I created a file named nn.yml also called as parameter file.
vim /root/ansible_wp/nn.yml
I created a file named namenode.yml to configure any server as Name Node .
vim /root/ansible_wp/namenode.yml
In namenode.yml
I created 192.168.43.233 as host.
I attached the attribute file in this playbook.
Then assigned Tasks
STEP 1
Copying jdk rpm from controller node to the managed node.
STEP 2
Installing that jdk rpm in Managed node .
STEP 3
Copying hadoop rpm to the Managed node.
STEP 4
Installing hadoop rpm on the Managed node .
STEP 5
Copying the configured core-site.xml file and hdfs-site.xml to the managed node as it overwrites that file if any.
STEP 6
Deleting the Name Node folder if any named /nn1 ,it will be deleted and created a new one with the same name.
STEP 7
Formatting the Name Node inorder to start the Hadoop Cluster ,We have to format Name Node folder.
STEP 8
Stopping the NameNode service ,so if any NameNode service is in running it will stop.
STEP 9
Starting the NameNode service.
STEP 10
Checking whether the NameNode is ready or not.
STEP 11
Creating a Firewall rule for port no 9001 .To let Data Node to connect to the Name Node portno 9001.
Now ,
ansible-playbook namenode.yml
I created a file named dn.yml also called as parameter file.
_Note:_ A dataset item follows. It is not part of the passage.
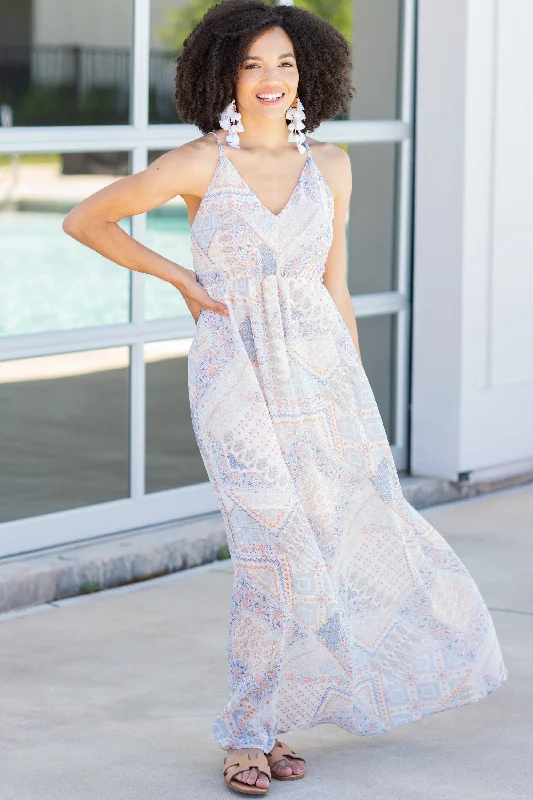 Feeling Like A Day Dream Blue Mixed Print Maxi Dress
I created a file named datanode.yml to configure any server as Data Node.
In datanode.yml
I created 192.168.43.76 as host
I attached the attribute file in this playbook.
Then,
I used variable_prompt because i wanted anyone who run this playbook first check whether ip on the attribute file is correct as Name Node.
Tasks
STEP 1
Stopping the Data Node ,if any Data Node is running .
STEP 2
Copying jdk rpm from controller node to the managed node.
STEP 3
Installing that java rpm in Managed node .
STEP 4
Copying Hadoop rpm to the managed node.
STEP 5
Installing Hadoop rpm on the managed node .
STEP 6
Copying the configured core-site.xml file and hdfs-site.xml to the managed node as it overwrites that file if any.
In core-site.xml file
I created a variable ip for the future use if any Name Node ip changes in future we can dynamically change the ip just by going inside the attributes file ,ie dn.yml
STEP 7
Deleting the datanode folder if any named /dn1 ,it will be deleted and created a new one with the same name .
STEP 8
Starting the Data Node service .
STEP 9
Checking whether Data Node is ready or not .
STEP 10
Taking the whole report of hadoop cluster
Now ,
ansible-playbook namenode.yml
By hadoop report command ,We can confirm that Data Node has been successfully connected to Name Node.